Dieses Bild vom Kind, wie es im Bayerischen Bildungs- und Erziehungsplan beschrieben wird, umfasst alle für uns wichtigen Aspekte. Kinder wissen was sie benötigen, schaffen selbst Lernräume und zeigen ganz natürlich eine Motivation zum Lernen und Entwickeln. Im Waldkindergarten haben die Kinder die Möglichkeit, die dafür benötigten Freiräume zu nutzen. Durch die vielfältigen Spielmöglichkeiten mit überwiegend natürlichen Materialien, die großen Bewegungsräume, dem gezielten Freispiel und dem Ansprechen aller Sinne kann jedes Kind in seinem Tempo und abhängig von den aktuellen Bedürfnissen lernen und erleben. Dieses bedürfnisorientierte Lernen soll durch die geplanten Projekte zusätzlich ergänzt werden. Die Projekte können durch gezielte Beobachtung des Freispiels abgeleitet und initiiert werden.

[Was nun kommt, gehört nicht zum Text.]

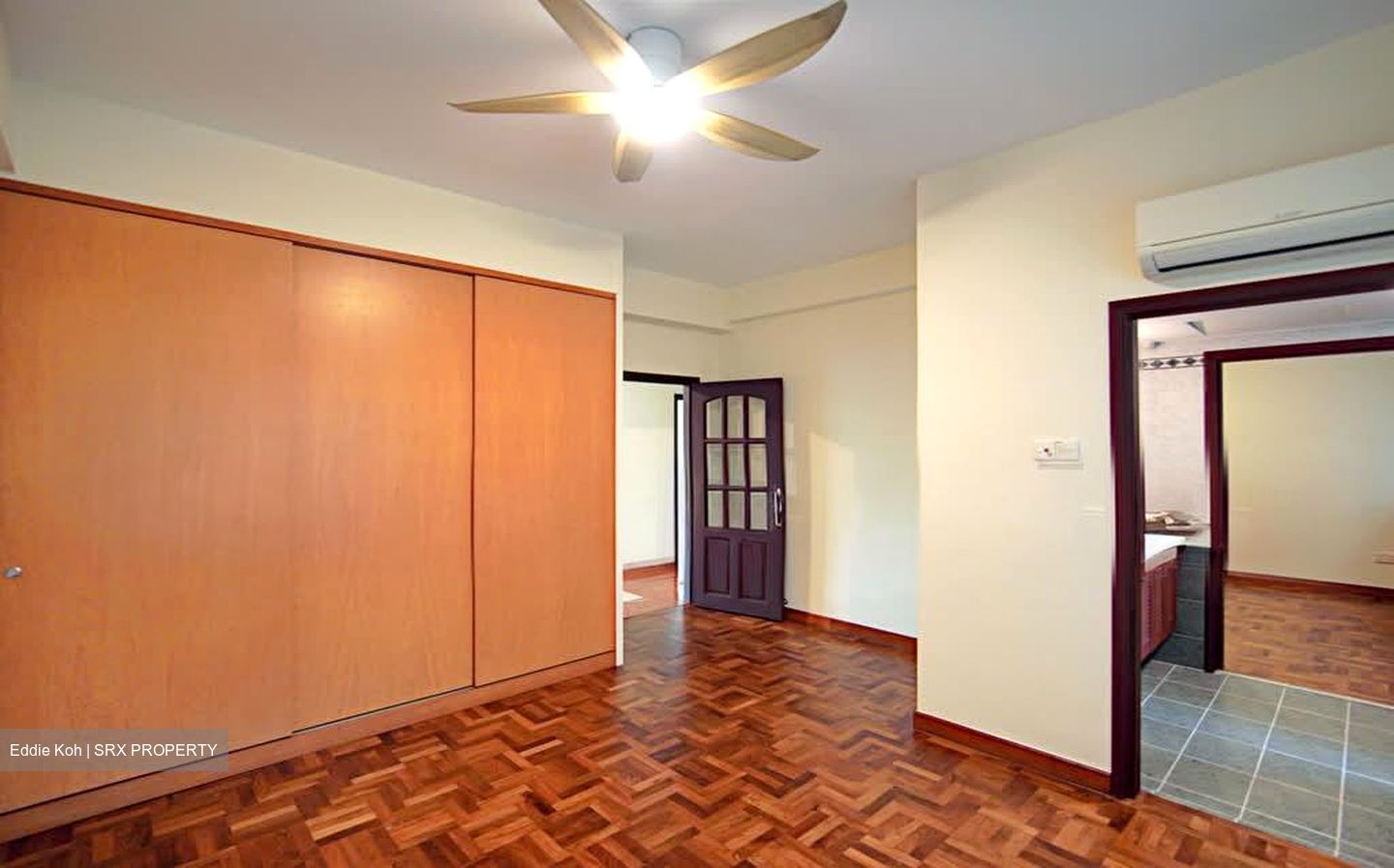 Casuarina Cove (D15), Condominium #563929841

Wir möchten den Kindern die Möglichkeiten bieten, die Natur, den Wald und alles was dazugehört zu erkunden. Den Kindern soll der Freiraum ermöglicht werden, selbstständig ihre Umwelt zu erkunden und sich auszutesten. Dies entspricht der Annahme des „kompetenten Säuglings“.

 

Pädagogischer Grundgedanke

Wir sind der festen Überzeugung, dass Kinder am besten lernen, wenn sie selbst handeln können. Wir wollen in der Natur einen Raum schaffen, in dem die Kinder selbstständig lernen und sich ausprobieren können. Die Erwachsenen fungieren dabei als Modelle und Anleiter.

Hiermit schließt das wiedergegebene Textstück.